Reconquérir un poil de liberté d’agir

A partir du moment où l’on conscientise comme le poil est inscrit dans une série de système de croyances, « se raser ou non », telle n’est plus vraiment la question. La question serait plutôt : dans quelle mesure mes perceptions et mes décisions en matière de pilosité sont-elles biaisées et par quoi ? A partir de là, chacun·e peut regagner en liberté pour construire ses choix, que ces choix soient en cohérence avec ses besoins et ses convictions ou bien qu’ils assument une part de contradiction.
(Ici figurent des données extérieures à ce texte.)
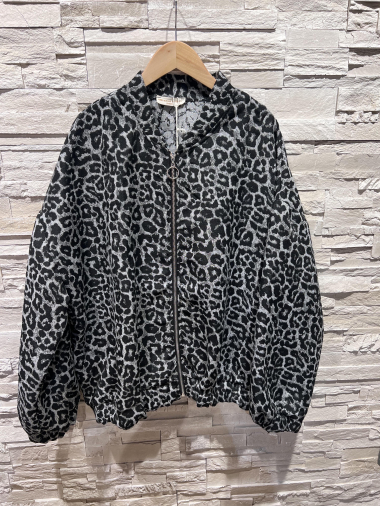 Wholesaler Amy&Clo - Plus size bomber jacket in printed textured fabric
Car oui, on peut être une femme libérée, consciente que l’injonction à l’épilation n’est pas neutre en termes de contrôle des corps, mais souhaiter tout de même pour diverses raisons engageant la complexité d’une personnalité socialement construite et influencée, continuer à se faire la peau lisse. Mais on doit aussi tolérer que pour toutes sortes de raisons pas moins valables que les siennes, d’autres s’approprient différemment le rapport à leur corps et à la douceur, sans faire disparaître (tous) leurs poils. Il y va tout simplement d’une symétrie de l’acceptation de soi et de l’autre, débarrassée de jugements sur son hygiène, son apparence, sa façon d’être soi et d’être au monde.